Quite often is a vampire tale the site of sinister sexuality mixed with irrepressible desire.  Less often is the main bloodsucker a sheeny-locked, dune buggy-driving, desert-dwelling knockout who attends dive art shows seemingly for the sole purpose of seducing dopey married couples.  In Stephanie Rothman’s smart and campy The Velvet Vampire, the aptly named Diane LeFanu (played by the pretty, oddly inscrutable Celeste Yarnall) is said bloodsucker, and once she successfully lures California blonds Lee and Suzy Ritter back to her ranch of tumbleweeds and bite victims, her true female strength and ferocity are unleashed – of course, in a lackadaisical, Vaseline-lensed sort of way.  Not only does the vampiress expose a parallel between the fear of untamed female sexuality and the fear of death (Diane is a bisexual, murderous single to whom monogamy is a swattable fly), she also acts as a vessel for liberating other women.  In a series of beautiful slow-motion dream sequences, set to an infectiously twangy guitar, stupid Suzy finds herself at first terrified that chauvinist Lee is being seduced by Diane, and then pleased that Diane starts to pay sexual attention to her.  Suddenly the recipient of flirtation instead of the watchful guard dog of her philandering husband, Suzy declares upon awakening, “That was MY dream!”

Vagabond (dir.

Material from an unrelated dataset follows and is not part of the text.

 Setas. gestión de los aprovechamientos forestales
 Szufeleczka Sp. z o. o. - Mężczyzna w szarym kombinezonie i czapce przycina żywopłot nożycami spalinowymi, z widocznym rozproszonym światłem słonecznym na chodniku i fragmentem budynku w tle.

Agnès Varda, 1985)

A term used occasionally in film studies scholarship is “the unruly woman,” referring to a female character who displays traits that go against conventional ideas of femininity.  A feminine woman is quiet, while an unruly woman may be loud, a feminine woman is of non-threatening size, while an unruly woman may be large, and so on.  Mona, the voluntarily homeless, dirt-encrusted gamine of Agnès Varda’s masterpiece Vagabond is perhaps the best incarnation of an unruly woman ever to grace (and smudge) the screen.  Mona (a raw, perfectly cast Sandrine Bonnaire) has a well-traveled stench that is increasingly mentioned by other characters throughout the course of the film, as if her odor ripens with each passing minute spent away from conventional society.  In a particularly expert scene, Mona’s head is framed in a medium-close shot while her face is obscured by a filthy nest of hair blowing violently in the wind.  “Do I scare you?” she asks a prissy male graduate student, who later relays this encounter to his freshly showered girlfriend.  Though Mona’s fate is ultimately tragic, her existence is exhilarating by virtue of it being so jagged: an unscrubbed woman without a tether is a woman with all her gloriously unique blemishes intact.